Question

Find three rational numbers between $-\dfrac{3}{2}$ and $\dfrac{4}{5}$

Answer 1

Hint: To obtain the three rational numbers we will firstly make the denominator of both the term same i.e. 10 by multiplying and dividing them with a number. Then we will write all the rational numbers that come between the two numbers and get our desired answer.

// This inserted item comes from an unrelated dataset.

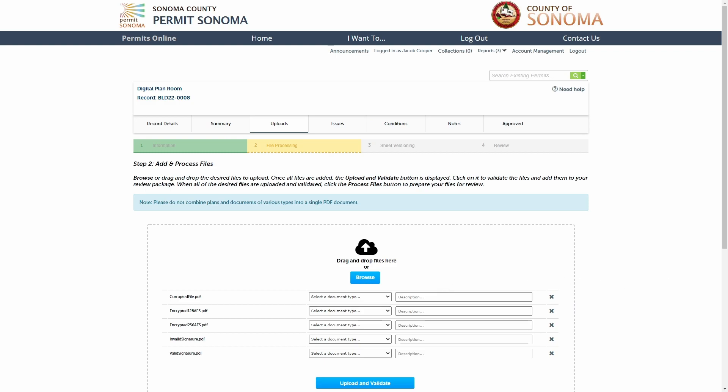After adding your files, you must select the document type that accurately describes each document you're adding to the review package.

Complete step by step answer:
We have to find the three rational numbers between the below numbers:
$-\dfrac{3}{2}$ And $\dfrac{4}{5}$
Firstly we will convert the denominator of each number to 10 by multiplying and dividing them with a number.
So first we will multiply and divide the first number by 5 as follows:
$\Rightarrow -\dfrac{3}{2}\times \dfrac{5}{5}$
$\Rightarrow -\dfrac{15}{10}$…..$\left( 1 \right)$
Next we will multiply the second number by 2 as follows:
$\Rightarrow \dfrac{4}{5}\times \dfrac{2}{2}$
$\Rightarrow \dfrac{8}{10}$….$\left( 2 \right)$
From equation (1) and (2) we get two numbers as $-\dfrac{15}{10}$ and $\dfrac{8}{10}$
So the three rational numbers between above two numbers are:
$-\dfrac{7}{10},\dfrac{2}{10},\dfrac{7}{10}$

Note: Rational numbers are those that can be expressed in the form of $\dfrac{p}{q}$ where $q\ne 0$. If it is not a rational number that means it is an irrational number. The set of all rational numbers together with addition and multiplication operations forms a field. The set of a rational number is countable but the set of irrational numbers is uncountable and the real number is a union of rational and irrational numbers so it is also uncountable. If it is not a rational number that means it is an irrational number. In order to find rational numbers between two numbers we should make their denominator equal. It makes it easy to get the rational number as we can just change the numerator and get the desired answer.